- What you are asked to do -
Beginning with the line containing "Osmar Stabile ao" and ending with the line containing "Porsche Macan Върхово", write out each line of the records below exactly; pictures and lines outside that range are left out.

- Source data -
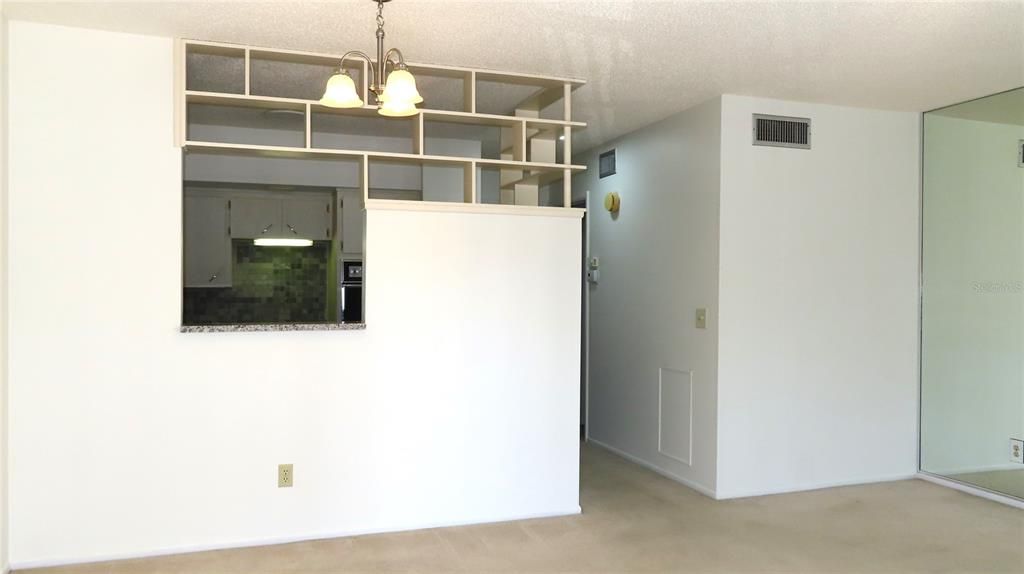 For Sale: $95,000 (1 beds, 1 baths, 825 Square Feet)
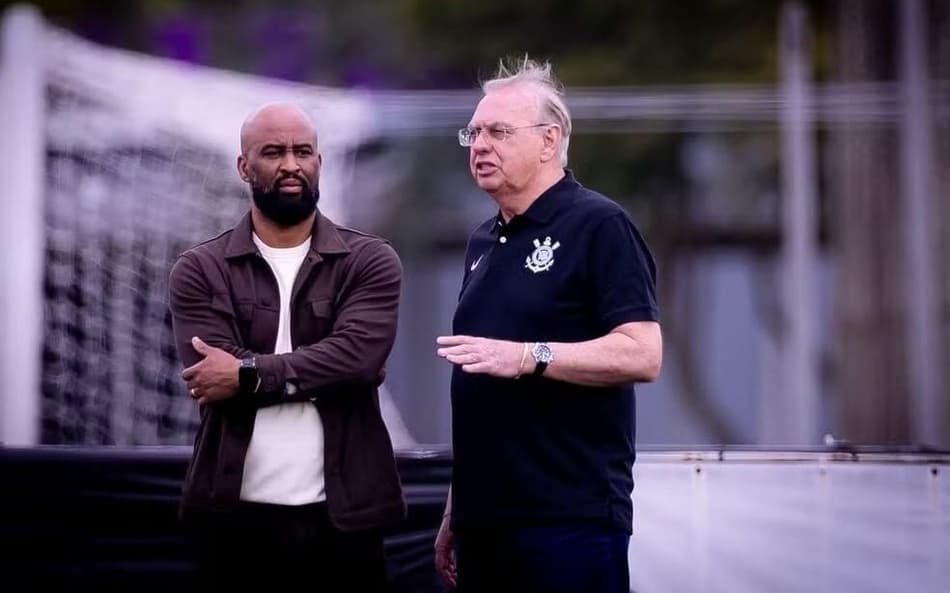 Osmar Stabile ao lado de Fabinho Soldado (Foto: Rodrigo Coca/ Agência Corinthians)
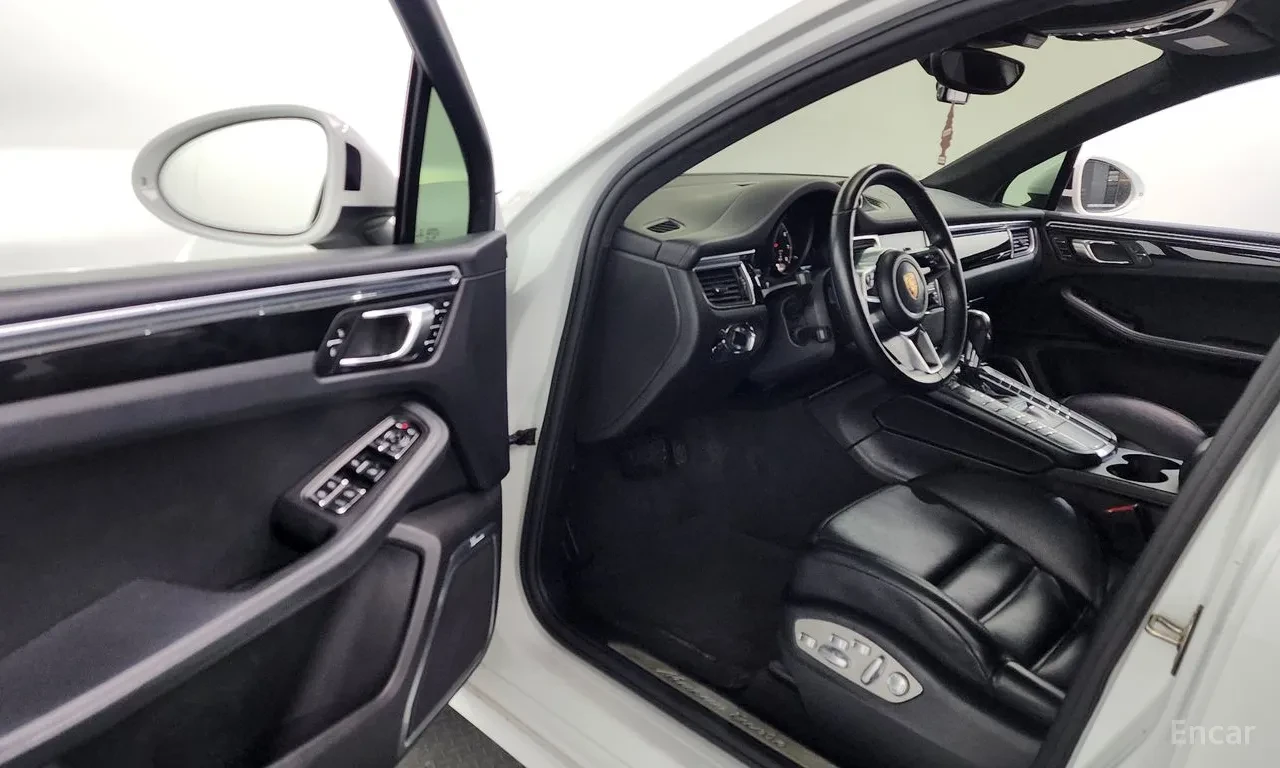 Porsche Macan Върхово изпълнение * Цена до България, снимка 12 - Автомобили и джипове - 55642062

---

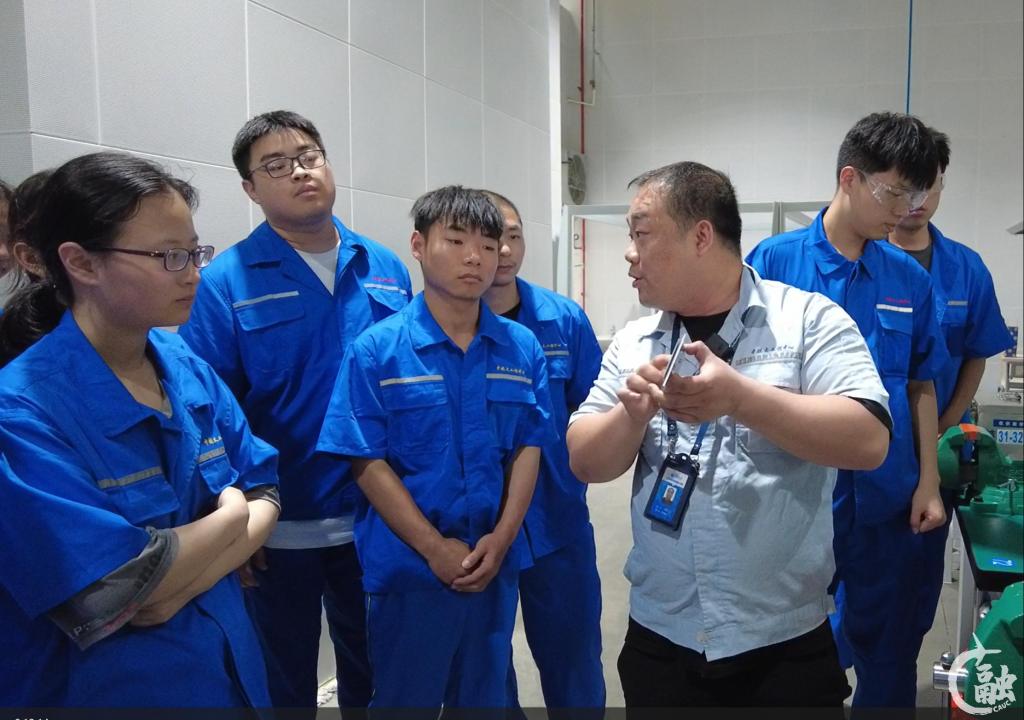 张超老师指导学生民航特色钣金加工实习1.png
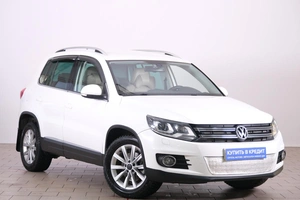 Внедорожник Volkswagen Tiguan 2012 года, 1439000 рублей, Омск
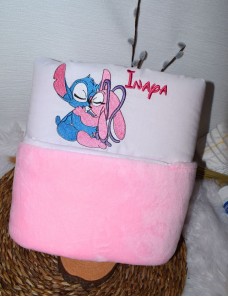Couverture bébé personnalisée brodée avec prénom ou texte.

- Problem solution -
 Osmar Stabile ao lado de Fabinho Soldado (Foto: Rodrigo Coca/ Agência Corinthians)
 Porsche Macan Върхово изпълнение * Цена до България, снимка 12 - Автомобили и джипове - 55642062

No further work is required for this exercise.